Quantitative Aspects of Market Risk. In an attempt to manage our
exposure to changes in interest rates and comply with applicable regulations,
the Company monitors its interest rate risk. In monitoring interest rate risk,
the Company continually analyzes and manages assets and liabilities based on
their payment streams and interest rates, the timing of their maturities, and
their sensitivity to actual or potential changes in market interest rates.
The matching of assets and liabilities may be analyzed by examining the
extent to which they are "interest rate sensitive" and by monitoring an
institution's interest rate sensitivity "gap." An asset or liability is said to
be interest rate sensitive within a specific time period if it will mature or
reprice within that time period. The interest rate sensitivity gap is defined as
the difference between the amount of interest-earning assets anticipated, based
upon certain assumptions, to mature or reprice within a specific time period and
the amount of interest-bearing liabilities anticipated, based upon certain
assumptions, to mature or reprice within that same time period. A gap is
considered positive when the amount of interest rate sensitive assets exceeds
the amount of interest rate sensitive liabilities. A gap is considered negative
when the amount of interest rate sensitive liabilities exceeds the amount of
interest rate sensitive assets. During a period of rising interest rates, a
negative gap would tend to adversely affect operations while a positive gap
would tend to benefit operations.
52
<PAGE>
Since the early 1980's, the Company has stressed the origination of
adjustable rate residential mortgage loans ("ARMs"), subject to market
conditions. In recent periods, the Company has also purchased adjustable-rate
mortgage-backed securities. At June 30, 1998, approximately $29.3 million, or
29.8% of the Company's total loans secured by real estate, were ARMs. On the
same date, the Company also had $11.8 million in adjustable-rate mortgage-backed
securities.
The Company's ARMs and adjustable-rate mortgage-backed securities
adjust to various indices. The Company monitors the mix of indices on its
adjustable rate assets and seeks, consistent with market conditions, to achieve
a close match in the repricing characteristics of its assets and liabilities.
To increase the interest rate sensitivity of its assets, the Company
has also maintained a relatively high level of short and intermediate-term
investment securities and other assets. At June 30, 1998, the Company had $2.7
million of investment securities and interest-bearing deposits maturing or
repricing within three years.

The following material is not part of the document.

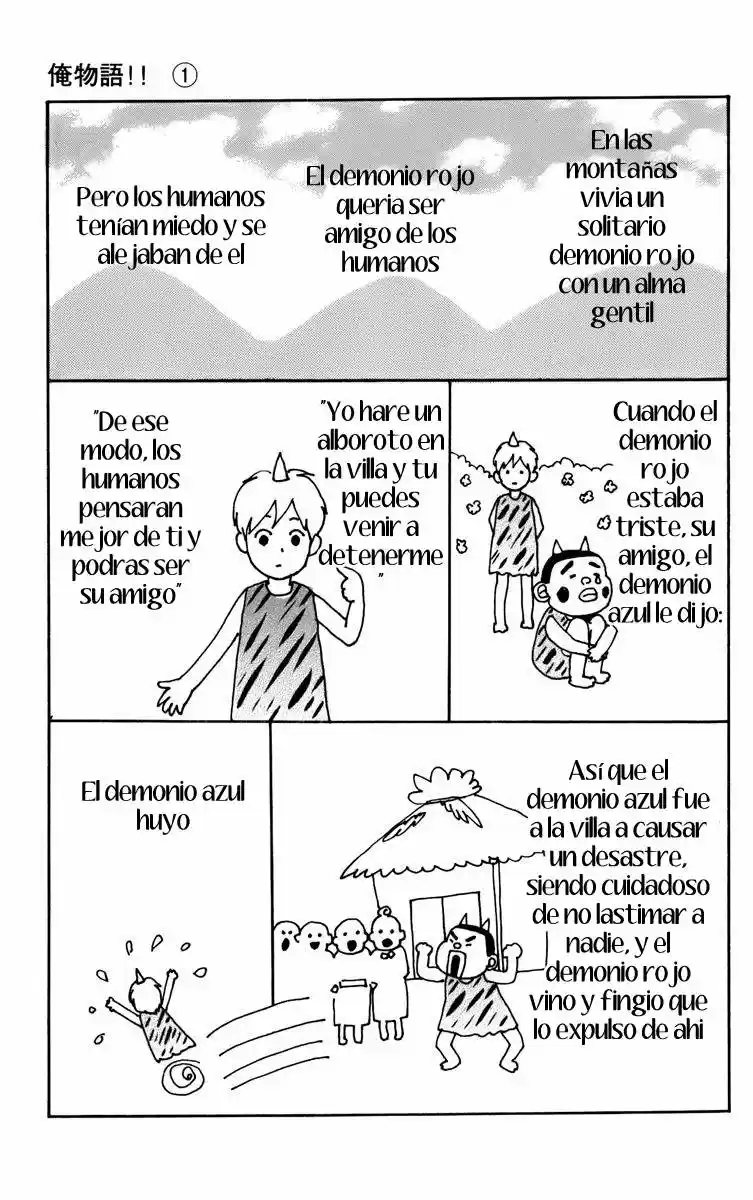 Ore Monogatari!! capítulo 1.4, página 19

Finally, the Company has undertaken various
marketing programs from time to time over the last decade in order to extend the
term of its deposit liabilities. In 1993, the Company introduced a new
certificate of deposit program in an attempt to reduce deposit outflows and
attract longer term deposits which were being lost as a result of the general
decline in market rates of interest. This program offers two certificate
products which have 4- and 5-year terms. At June 30, 1998, the Company had
approximately $7.6 million in these two certificates.

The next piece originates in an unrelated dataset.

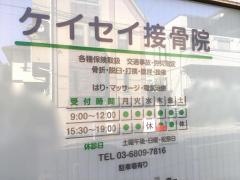 ケイセイ接骨院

In the future, in managing its interest rate sensitivity, the Company
intends to continue to stress the origination of ARMs, subject to market
conditions, the purchase of adjustable-rate mortgage-backed securities and the
maintenance of a relatively high level of short-term securities and other
assets.
Office of Thrift Supervision ("OTS") regulations provide a Net
Portfolio Value ("NPV") approach to the quantification of interest rate risk. In
essence, this approach calculates the difference between the present value of
expected cash flows from assets and the present value of expected cash flows
from liabilities, as well as cash flows from off-balance-sheet contracts arising
from an assumed 200 basis point increase or decrease in interest rates
(whichever results in the greater pro forma decrease in NPV). Under OTS
regulations, an institution's "normal" level of interest rate risk in the event
of this assumed change in interest rates is a decrease in the institution's NPV
in an amount not to exceed 2% of the present value of its assets. Thrift
institutions with greater than "normal" interest rate exposure must take a
deduction from their total capital available to determine if they meet their
risk-based capital requirement. The amount of that deduction is one-half of the
difference between (a) the institution's actual calculated exposure to the 200
basis point interest rate change and (b) its "normal" level of exposure, which
is 2% of the present value of its assets. Savings associations, such as First
Federal, with less than $300 million in assets and a risk-based capital ratio in
excess of 12% are exempt from this requirement unless the OTS determines
otherwise. The OTS has postponed the implementation of the capital deduction
component of this regulation until it completes its analysis of the methods of
interest rate risk measurements proposed by the other banking regulators.
Presented below, as of June 30, 1998, is an analysis of the
Association's interest rate risk as measured by changes in NPV for instantaneous
and sustained parallel shifts in the yield curve, in 100 basis point increments,
53
<PAGE>
up and down 200 basis points and compared to Board policy limits. The table was
prepared and furnished to the Association by the Office of Thrift Supervision.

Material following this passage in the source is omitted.